Q: Why did you steal Guy Fieri’s Lamborghini and then frame a teenager?A: Yes.

Q: You openly admit to being an ex-addict. Plently of ex-addicts can’t drink at all, because if they do it tumbles into drugs again. How are you able to still drink and continue to live your lifestyle without slipping?
A: I am a VERY unusual case. You are correct. Most people who kick heroin and cocaine have to give up on everything. Maybe cause my experiences were so awful in the end, I’ve never been tempted to relapse.

Q: What would you say your best/worst experience was on drugs?
A: Combing the shag carpet for paint chips in the hope that they were fallen crack bits. Smoking them anyway.

Q: Considering you and Ted Nugent are from pretty much opposite ends of the spectrum, what was it like to have him on your show? Did y’all joke around off camera. The episodes that he was in on “No Reservations” were probably my favorite.
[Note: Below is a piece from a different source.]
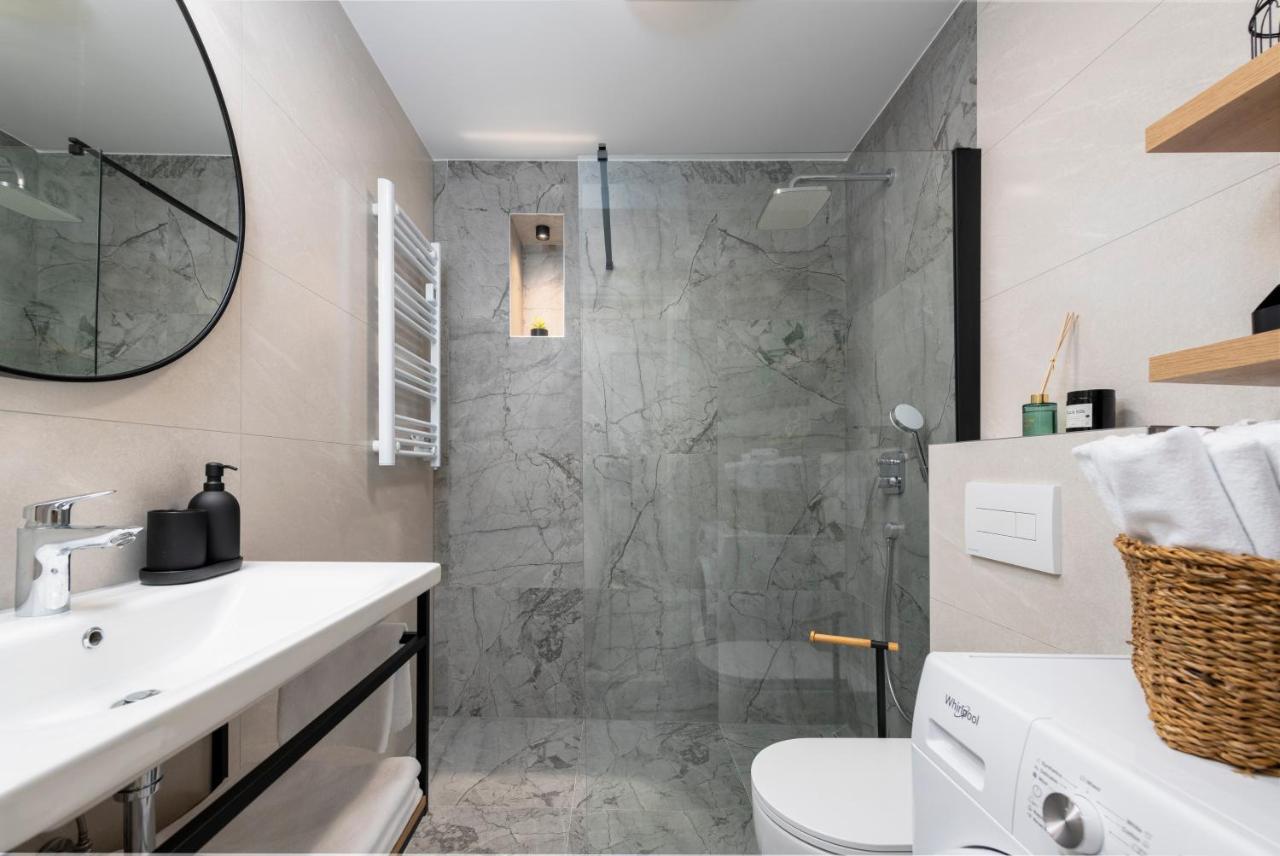 Apartment Sweet Inn 杜布罗夫尼克 外观 照片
And also, you’re my favorite person ever.
A: I’m proud of the fact that I can be friends with someone with whom I disagree violently about absolutely everything.

Q: What was your favorite episode of No Reservations you did?
A: I’m proudest of Rome. Because everybody said it was the stupidest idea ever–to make food porn in black and white.

Q: You’ve said before that you are kind of overprotective of your daughter. If she decides that she wants to get into the culinary industry and become a chef, what would your reaction be?
A: Horror. Fear. Eventually pride that she’d want to do such a difficult thing.

Q: I’m from San Francisco and live in Amsterdam. You hated Amsterdam didn’t you? (The food here sucks.)
A: Amsterdam may not be the first place I think of as a food destination but I liked it fine! #420

Q: Are you and Andrew Zimmern actually friends? You seem incredibly different.
A: Andrew is actually a great guy. Very smart, very funny, very loyal. We have a lot more in common than you might think.

Q: What prompted the move to CNN? Was it issues with Travel Channel a la the Cadillac product integration debacle, or simply a chance to do something in a different vain than “No Reservations”.
A: CNN is letting me and my crew make smarter TV in places that Travel never would have allowed. Also–the new regime at Travel were a pretty unpleasant, uninspiring bunch. I saw the writing on the wall.